The Children of Men by P.D. James
My rating: 2 of 5 stars
I read this novel after I saw the movie, and discovered this novel is one of the rare exceptions where the movie is better than the novel. It's not that it was badly written. It's just that the author had the wrong focus.
The novel is set in a near future where humanity has lost the ability to have children. Worldwide sterility has persisted for so long that an entire generation has grown up without any children at all. England has become a dictatorship ruled by Xan Lyppiatt. The main character is Dr. Theodore "Theo" Faron, who becomes embroiled in a conflict between a dissident group called the Five Fishes and Xan, his childhood friend and cousin. Along the way, Theo discovers one of the radicals is pregnant with the first unborn child in decades.

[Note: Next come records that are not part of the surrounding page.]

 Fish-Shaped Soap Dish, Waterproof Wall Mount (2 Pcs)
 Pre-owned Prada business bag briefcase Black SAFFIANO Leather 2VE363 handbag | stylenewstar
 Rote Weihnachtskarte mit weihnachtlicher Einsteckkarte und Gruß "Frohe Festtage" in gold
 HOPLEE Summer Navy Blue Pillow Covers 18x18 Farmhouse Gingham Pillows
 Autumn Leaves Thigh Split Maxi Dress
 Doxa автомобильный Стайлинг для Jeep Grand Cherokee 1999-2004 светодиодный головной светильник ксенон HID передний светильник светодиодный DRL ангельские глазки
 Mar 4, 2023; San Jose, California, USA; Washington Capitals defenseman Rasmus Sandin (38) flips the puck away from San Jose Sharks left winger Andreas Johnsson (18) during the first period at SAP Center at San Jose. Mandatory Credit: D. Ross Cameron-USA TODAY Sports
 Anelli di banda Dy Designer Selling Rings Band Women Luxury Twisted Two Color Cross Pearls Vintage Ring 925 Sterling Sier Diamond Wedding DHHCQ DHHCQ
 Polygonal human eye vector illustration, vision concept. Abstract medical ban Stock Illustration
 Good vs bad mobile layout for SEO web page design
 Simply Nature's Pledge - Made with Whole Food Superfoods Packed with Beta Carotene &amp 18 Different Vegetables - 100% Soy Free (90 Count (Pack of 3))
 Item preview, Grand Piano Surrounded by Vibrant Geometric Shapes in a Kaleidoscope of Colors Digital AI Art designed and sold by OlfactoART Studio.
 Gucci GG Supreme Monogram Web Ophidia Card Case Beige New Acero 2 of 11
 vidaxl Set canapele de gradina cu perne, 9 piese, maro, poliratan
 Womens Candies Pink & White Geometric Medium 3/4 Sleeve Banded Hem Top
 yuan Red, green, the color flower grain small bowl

I know it's unfair to compare a novel is to a movie, but I thought the movie's focus on the implications of a world without children worked well. The novel spent too much time on the politics of the dystopian England. It seemed like P.D. James became fascinated with how someone becomes a dictator. There's a lengthy account of how Xan grew up and ultimately rose to power, which I didn't care about at all. The novel eventually boils down to a discussion on power and the abuse of power. Meanwhile, the story of a childless world became pushed into the background. Honestly, I think P.D. James could have cut out the sterility angle of the novel, and ended up with the same book.
That's not to say it was entirely ignored. The novel does delve deeper into the building of the childless world. One of my favorite passages described how some infertile women had been driven insane, and treated dolls as real children. I wish that part had been in the movie.
The Children of Men is a good novel held back from becoming a great novel.